In my personal experience, informed consent before surgery has always been present, but over the years the information given has improved considerably. When I saw a urologist last year he offered me different options for treatment, discussed the potential benefits and harms, and included a discussion about the option of doing nothing. He then gave me a pack of literature to read and insisted I didn’t decide which treatment to take until I’d read the information and reflected on it before my next appointment with him.
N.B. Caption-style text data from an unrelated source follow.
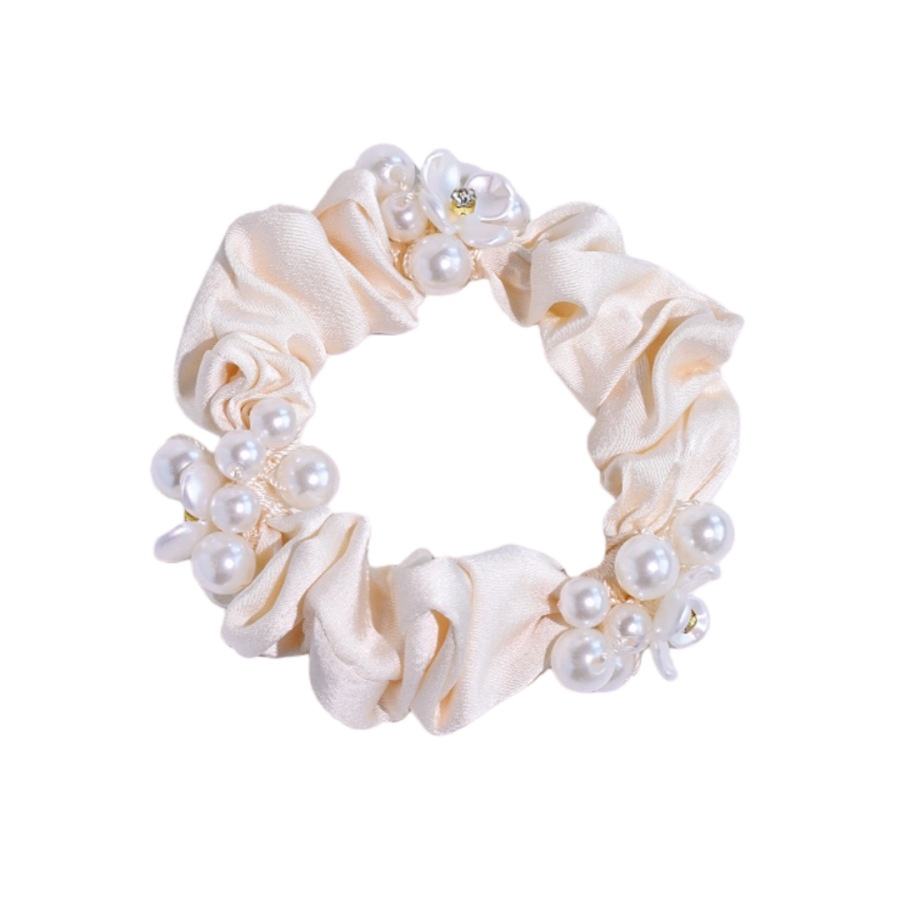 Women's French Satin Crystal Low Bun Hair Tie Rose Floral Beige Black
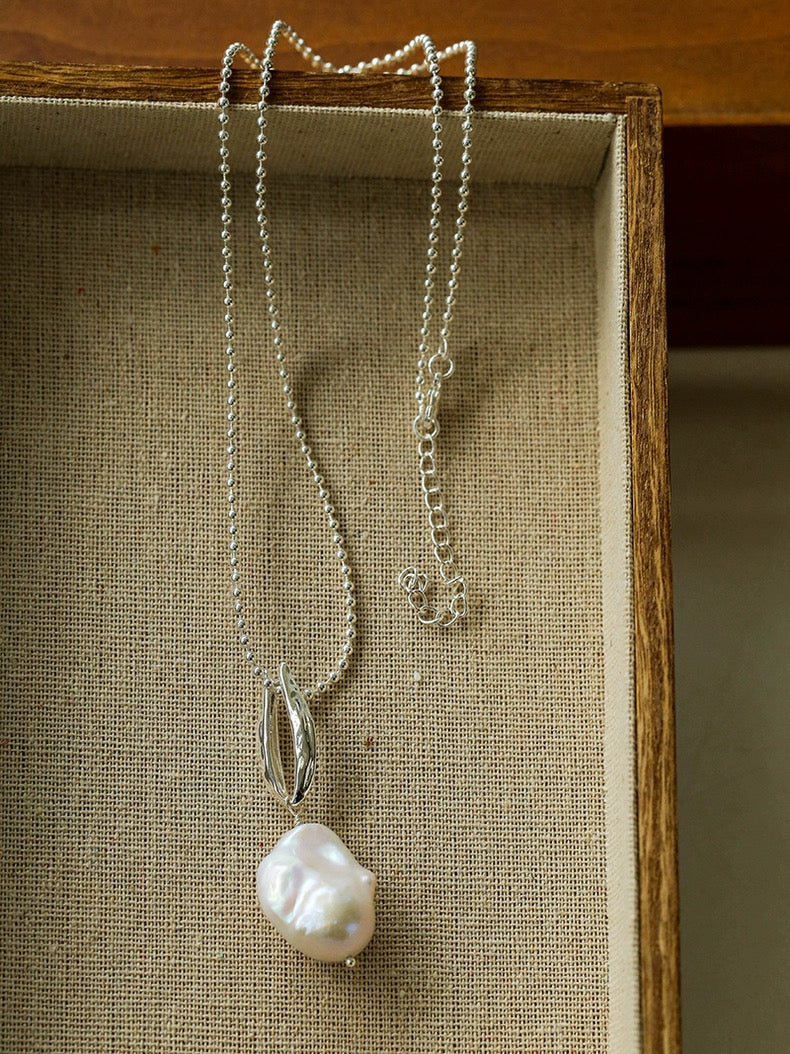 Willow Leaf Baroque Pearl Pendant Necklace gembea jewelry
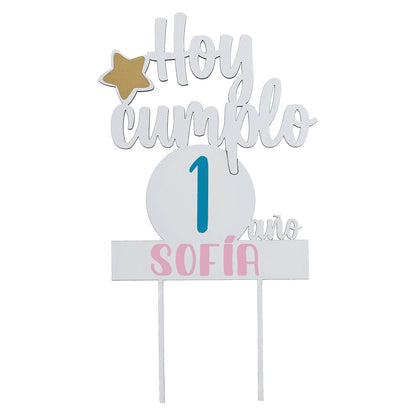 TOPPER PASTEL CUMPLEAÑOS PERSONALIZADO - Happy Moments Baby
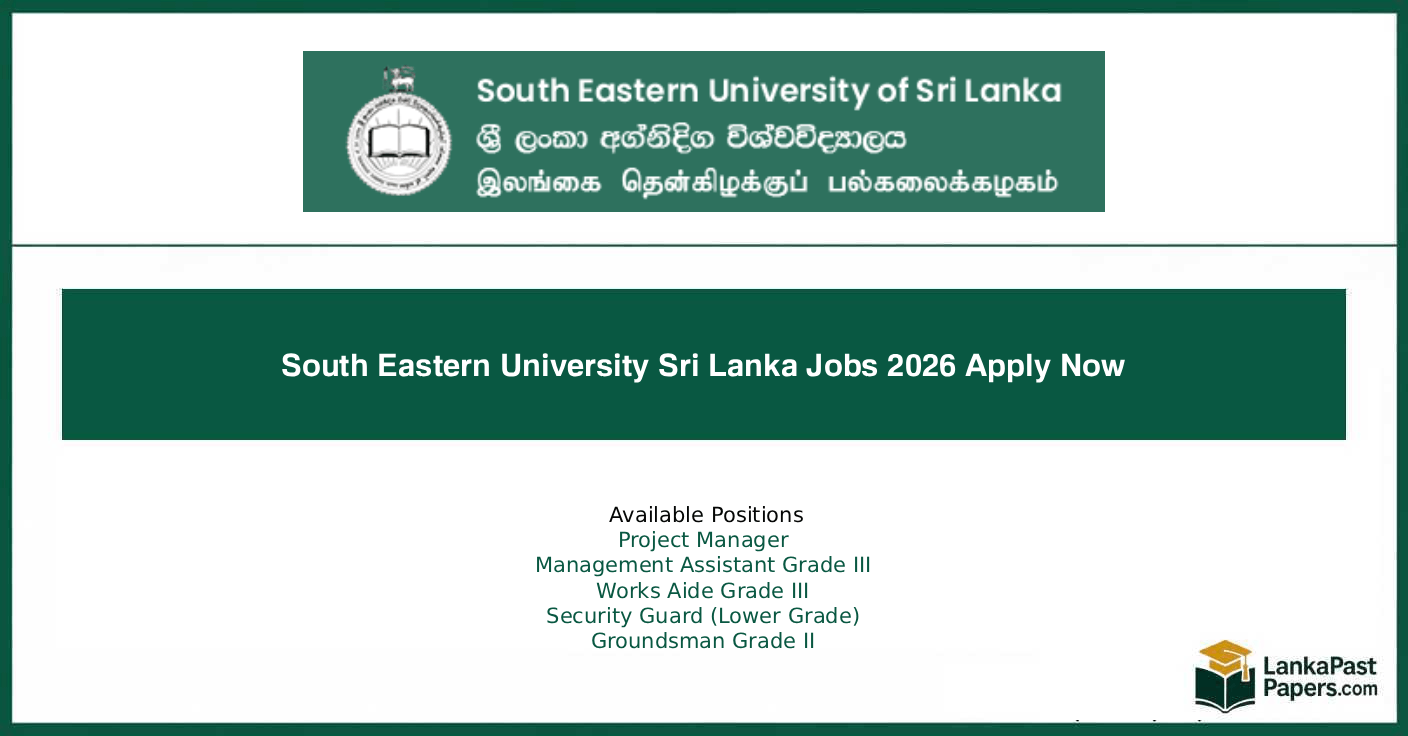 South Eastern University Sri Lanka Jobs 2026 Apply Now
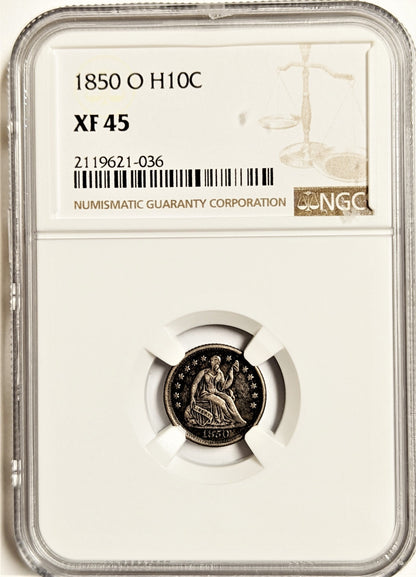 1850 O Seated Liberty Half Dime -New Orleans NGC XF45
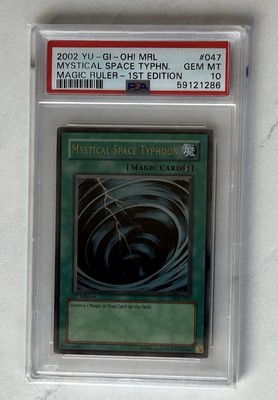 YUGIOH PSA 10 Mystical Space Typhoon 2002 Magic Ruler MRL-047 Ultra Rare 1st Ed!-image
That’s not my experience when it comes to drugs. I have never been given options, nor had the potential benefits and harms discussed, before receiving a prescription, and, in fact, I’m not sure I’ve ever heard of any patient who hasn’t shared exactly that same experience. It’s far more likely that a doctor will write a prescription, and say, take this and come back and see me in x days/weeks. Once the patient picks up the drug from the Pharmacy, inside the pack is an information sheet, which is usually a longer piece of paper than you’d find anywhere else, but where there is a lot of information about what the drug is, the precautions you should take, potential side effects and harms, and exactly how to take it. I’ve never seen any “other options” described on such an information sheet (unlike the information pack I was given before surgery).

I just don’t think this is good enough.

It’s not good practice, as defined by the GMC, and it doesn’t fit with the “Evidence Based Medicine” approach, and it certainly doesn’t meet with the constantly repeated claim to provide “person centred” or “patient centred” Medicine.

If you are a prescriber, maybe you will say, but this just isn’t feasible. There isn’t sufficient time available in each consultation to obtain “informed consent”. I think there are ways to address that. Firstly, there should be enough time, and if there isn’t, then the system is not working. Consultations which are routinely too brief to make a good diagnosis and obtain informed consent are inadequate, and fail to meet the standards of good practice. Secondly, if surgeons can produce comprehensive information about their procedures and the potential benefits and harms, then so can physicians and generalists. Thirdly, as the GMC points out, informed consent is a dialogue and not a single event. Continuity of care has a wealth of benefits, and one of them is enabling an ongoing dialogue between doctor and patient. Many clinics are not designed to facilitate continuity of care, but they could be if we all agreed it was important.

I just don’t think it’s good enough in this day and age to have a doctor write a prescription and say “take this”, without giving any information about potential benefits, harms or other treatment options. And without facilitating a discussion/dialogue with the patient to obtain truly “informed consent”.